6 h 30, je suis au rendez-vous de la passerelle. L'éclaircie n'a duré qu'une soirée. Le ciel et la mer se confondent, le brouillard enveloppe tout. L'Atlantique Nord ne fait pas de cadeau. La mer est grise. Seule la température a remonté, nous avons 21 degrés.

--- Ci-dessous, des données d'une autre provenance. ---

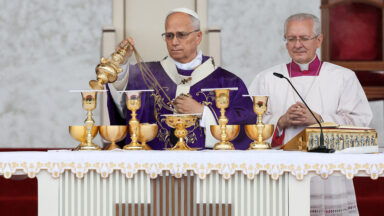 Apelo do Papa pelo Oriente Médio: rejeitar a vigança e a violência pela paz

Je vais me mettre dans le transat pour lire. L'humidité est telle que je suis obligée de mettre mon ciré et de me couvrir les jambes. Je vois à peine la mer à mes pieds. Tout est blanc, laiteux. Capuche sur la tête, enveloppée dans la couette, je dois ressembler à Clara, l'enfant tuberculeuse, amie d'Heidi dans un livre qui a bercé mon enfance. Pour tous ceux qui ne connaissent pas, et ils doivent être nombreux, Heidi est une petite fille des montagnes qui vit chez son grand-père. Elle rencontre une petite fille de la ville venue se soigner à l'air pur. Ce souvenir me revient car tous les après-midi, pour guérir Clara, sa maman l'installait au soleil. Elle était dans une chaise-longue, au-dessus des nuages, emmitouflée de couvertures. D'accord, je ne suis pas une petite tuberculeuse et Heidi n'est pas là pour me distraire mais cette image a du marquer mon imagination puisqu'elle me revient à cet endroit. Mystères de la mémoire.
Journée somnolente et douce. Le brouillard est toujours aussi épais mais le soleil, derrière, chauffe vraiment. Curieuse lumière irisée, pleine d'ombres laiteuses. Je me secoue pour aller marcher un peu. À la proue, je reste un moment me regrettant de ne plus voir de poissons volants. Comme pour me consoler, trois dauphins surgissent dans une jolie arabesque, je les regarde s'éloigner entre deux eaux. Finalement l'eau à beau être d'une vilaine couleur grise, elle est claire au moins en surface. Ma journée est sauvée.
Vasile n'a pas vu les dauphins mais il a vu une baleine. Normal il est plus grand que moi ! Le navire va lentement, nous avons du temps. Nous ne pourrons pas entrer dans le port de Rotterdam avant le 5 juillet. Il vaut mieux économiser le fuel plutôt que de rester au mouillage dans la Manche.